Am sure this is a common problem in Physics but it was put in with exercises in Calculus

Anyway curious how this is solved...

Hi karush, :)

I don't think you would get a 3d graph because there's only one independent variable. \(W\) and \(\mu\) are constants. So \(F\) only depends on \(\theta\). All you got to do is find the derivative of \(F\) with respect to \(\theta\) and use the first derivative test or the second derivative test. Hope you can continue. :)
 
  • #3
Re: Show that F is mininized when tan \theta = \mu

To see where this equation comes from, consider the following free-body diagram:

View attachment 1657

Using the conditions of equilibrium (there are no unbalanced forces), we may use Newton's second law of motion along the two components (horizontal and vertical):

(1) \(\displaystyle \sum F_x=F_x-f_k=0\)

(2) \(\displaystyle \sum F_y=n+F_y-W=0\)

Resolving the components of the applied force $F$, we find:

\(\displaystyle F_x=F\cos(\theta),\,F_y=F\sin(\theta)\)

The coefficient of kinetic friction is defined as:

\(\displaystyle \mu_k=\frac{f_k}{n}\implies f_k=n\mu_k\)

And thus, (1) and (2) become:

\(\displaystyle F\cos(\theta)-n\mu_k=0\)

\(\displaystyle n+F\sin(\theta)-W=0\)

Solving the first of these for $n$, we obtain:

\(\displaystyle n=\frac{F\cos(\theta)}{\mu_k}\)

Substituting for $n$ into the second of these, we find:

\(\displaystyle \frac{F\cos(\theta)}{\mu_k}+F\sin(\theta)-W=0\)

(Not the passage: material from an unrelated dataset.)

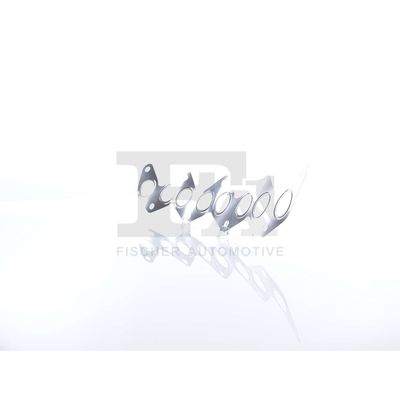 GARNITURA GALERIE EVACUARE FA1 413027 6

Multiply through by $\mu_k$:

\(\displaystyle F\cos(\theta)+F\mu_k\sin(\theta)-\mu_kW=0\)

Add \(\displaystyle \mu_kW\) to both sides:

\(\displaystyle F\cos(\theta)+F\mu_k\sin(\theta)=\mu_kW\)

Factor the left side:

\(\displaystyle F\left(\cos(\theta)+\mu_k\sin(\theta) \right)=\mu_kW\)

Divide through by \(\displaystyle \mu_k\sin(\theta)+\cos(\theta)\):

\(\displaystyle F=\frac{\mu_kW}{\mu_k\sin(\theta)+\cos(\theta)}\)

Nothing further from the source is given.